» WORK TO BE COMPLETED: Please output the line containing "this 640×427 image." and all lines that follow it in the data below, exactly, with no pictures.

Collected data
━━━━━━━━━━━━━━━━━━━━━━━━━━━━━━

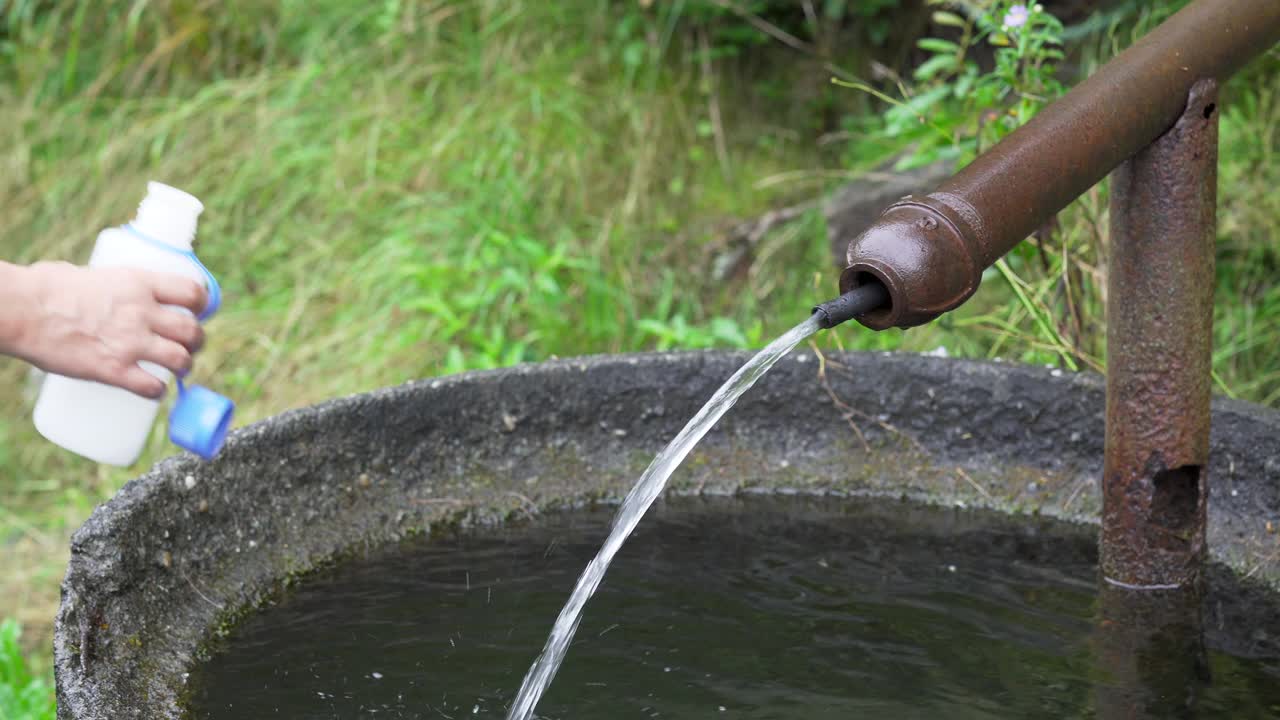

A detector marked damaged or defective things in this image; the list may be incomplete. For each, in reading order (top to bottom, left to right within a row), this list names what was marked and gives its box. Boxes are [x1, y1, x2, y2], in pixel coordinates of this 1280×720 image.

rusty metal pipe [839, 0, 1280, 330]
vertical rusty pipe [839, 0, 1280, 330]
vertical rusty pipe [1100, 79, 1218, 589]
hole in rusty pipe [1152, 466, 1198, 532]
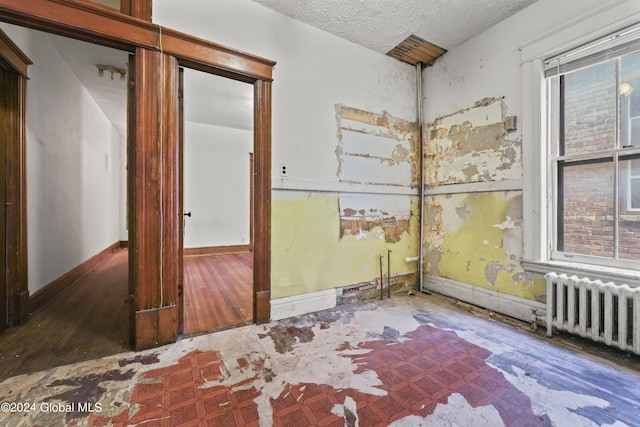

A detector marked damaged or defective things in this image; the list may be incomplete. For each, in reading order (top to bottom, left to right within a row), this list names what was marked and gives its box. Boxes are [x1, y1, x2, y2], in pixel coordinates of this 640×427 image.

peeling wall paint [336, 105, 420, 187]
peeling wall paint [424, 98, 520, 186]
peeling wall paint [272, 192, 418, 300]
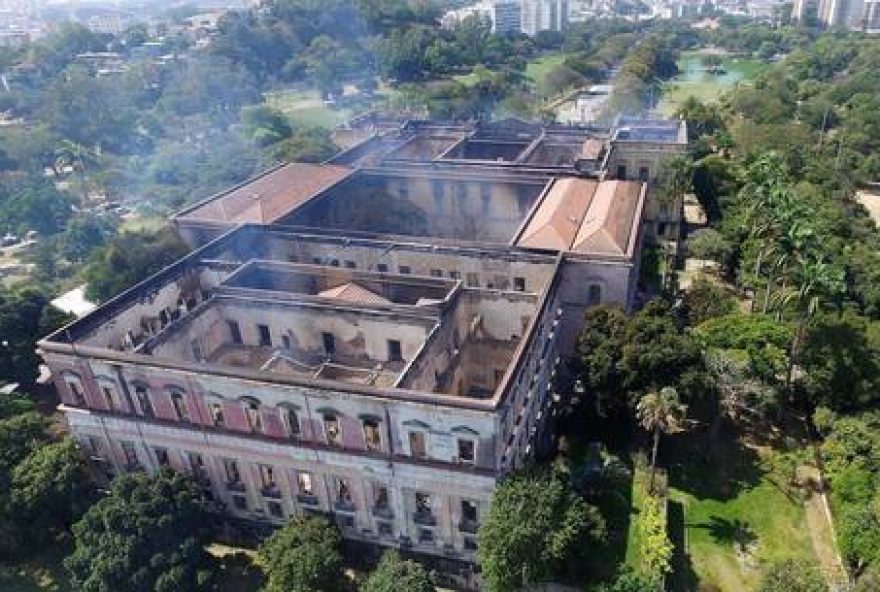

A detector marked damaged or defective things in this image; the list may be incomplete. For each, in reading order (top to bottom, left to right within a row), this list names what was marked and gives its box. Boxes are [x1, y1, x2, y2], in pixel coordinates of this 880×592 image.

fire-damaged building [39, 115, 688, 564]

━━━━━━━━━━━━━━━━━━━━━━━━━━━━━━

» RESPONSE:
A detector marked damaged or defective things in this image; the list may be incomplete. For each, in reading order (top to bottom, left to right within a row), this list names what was marked and gives its box. Boxes are [x1, y1, x2, y2], in pixel coordinates of this 640×427 image.

peeling wall paint [336, 105, 420, 187]
peeling wall paint [424, 98, 520, 186]
peeling wall paint [272, 192, 418, 300]

A detector marked damaged or defective things in this image; the list may be incomplete. For each, in reading order (top to bottom, left to right within a row), this list names what was marked and gives its box. Boxes are [x1, y1, x2, y2], in pixel coordinates of this 880×592 image.

fire-damaged building [39, 115, 688, 564]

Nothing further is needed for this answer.